Saturday morning was a hot and windy but that didn’t stop the Canberra Urban Sketchers gathering at the Royal Australian Mint to see what bright and shiny things we could draw.
By strange coincidence, we were there within 53 years and two days of Prince Phillip opening the institution which coincided with the introduction of decimal currency the following February. I had no idea we were there so close to an auspicious anniversary! It was the first Mint in the world to achieve accreditation to International Quality Standards, and produces coinage for a great number of Asia Pacific countries as well as our own of course (Our notes are made in Melbourne…that I did not know!).
Regardless of the weather I almost always choose an outdoor aspect to capture. Not sure why — indoor spaces just don’t grab me — and besides, they are harder, so maybe that’s it.
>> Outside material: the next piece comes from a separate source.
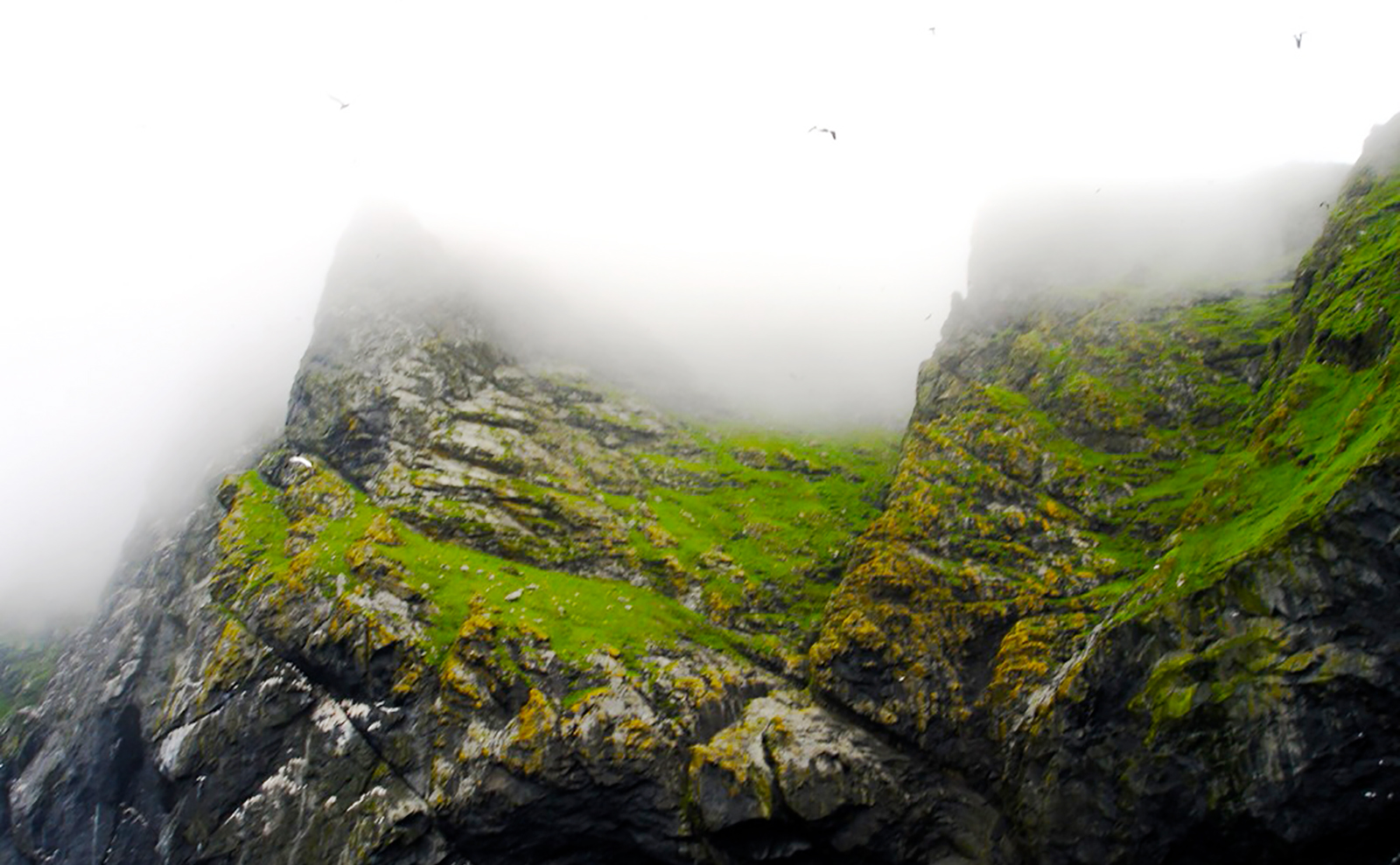 Vanilla-Maple Shortbread Inspired by 'The House Between Tides'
I had a bit of a wander about to see if there was a shady spot that might allow me some respite from the sun. Unfortunately the shady spot that I favoured was situated in a bit of a wind tunnel, so I selected a different spot in the sun and started to get myself set up with my new sketching kit.
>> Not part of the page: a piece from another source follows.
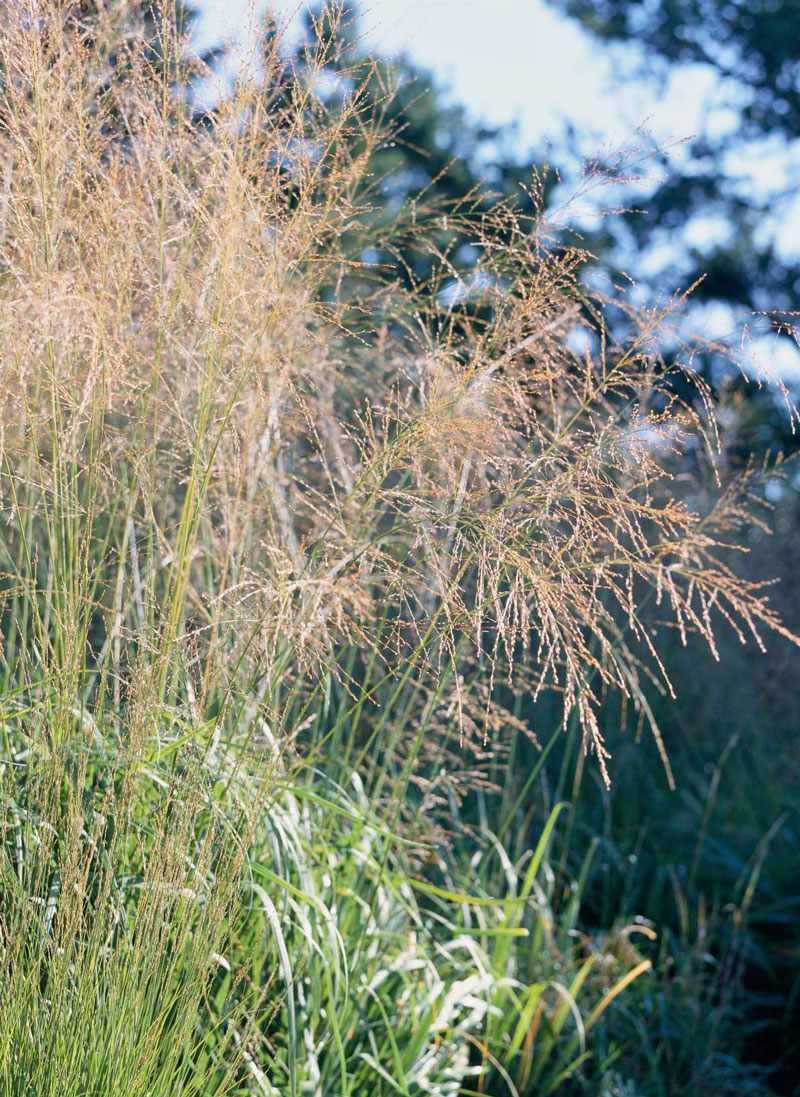 Switchgrass (Panicum spp.)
In July last year I stumbled across a Kickstarter campaign for “the ultimate art bag” — the Etchr Art Satchel, created by some guys in Melbourne. I liked the look of the setup and the quality of the product, and ever keen to support local designers, I signed up and then invested. The wait was long, but absolutely worth it. The Etchrlab team have delivered something truly special, and I am looking forward to using it more.
The satchel itself is a bit heavier than my usual Crumpler bag for carting around art supplies, and I fussed about a bit and got frustrated for a while, but the versatility of the product more than makes up for it. I should have known to expect some teething problems on my first outing with a complex product.
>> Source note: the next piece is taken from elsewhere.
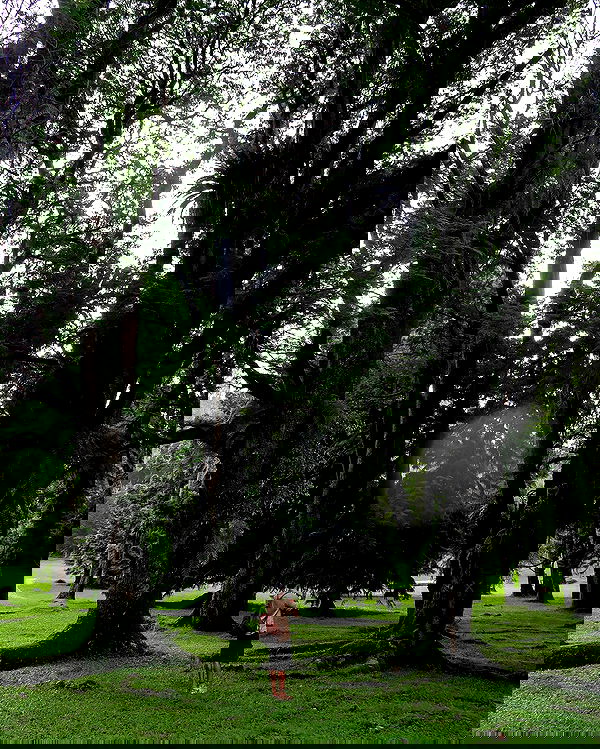 siyamore_ image ~ Altpins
The Etchr satchel is infinitely customisable inside with velcro bits and bobs to hold pens, pencils, secure an iPad or sketchbooks, pockets to hold ephemera…the options are endless. I set the internals of the satchel up to suit me shortly before I left the house. You can see here how neatly my pens and paintbrushes are secured and within easy reach. I added a carabiner to hang my water bucket (need to tweak this a bit) and attached a magnetic clip to hold my palette. Then all I needed to do was clip the satchel onto the tripod and start sketching.
Because this was my first session with the satchel and tripod, it took a little bit of fidgeting about to get set up. The tripod itself produced 99.9% of the issues I faced, from setting it up far too low to the ground, to not having the head adjustment tightened enough to stop the drawing surface tilting. I did manage to get the head tilt issue sorted once I got home and was not under pressure. Typical! I really should have given the kit a full dry run before I tried to take it out on site and try to set up under pressure. I found the tripod itself a little heavy, I shall consider investing in a lighter one if I am to consider using the whole set up in a hiking or travelling scenario I think.
This pic is from before I figured out I had set my tripod up too low.
Back to the sketching! My goal for this session was to attempt a looser style of sketch and move away from the tight “colouring book” type pieces I normally produce when out on site. I have been watching Liz Steel and Shari Blaukopf video courses in preparation for diving into my new project, and they both work far more loosely than I usually do. They also work far more rapidly than I do. I don’t want to go too loose, but I do want to press toward a little and keep playing and tweaking my own technique. Find some middle ground.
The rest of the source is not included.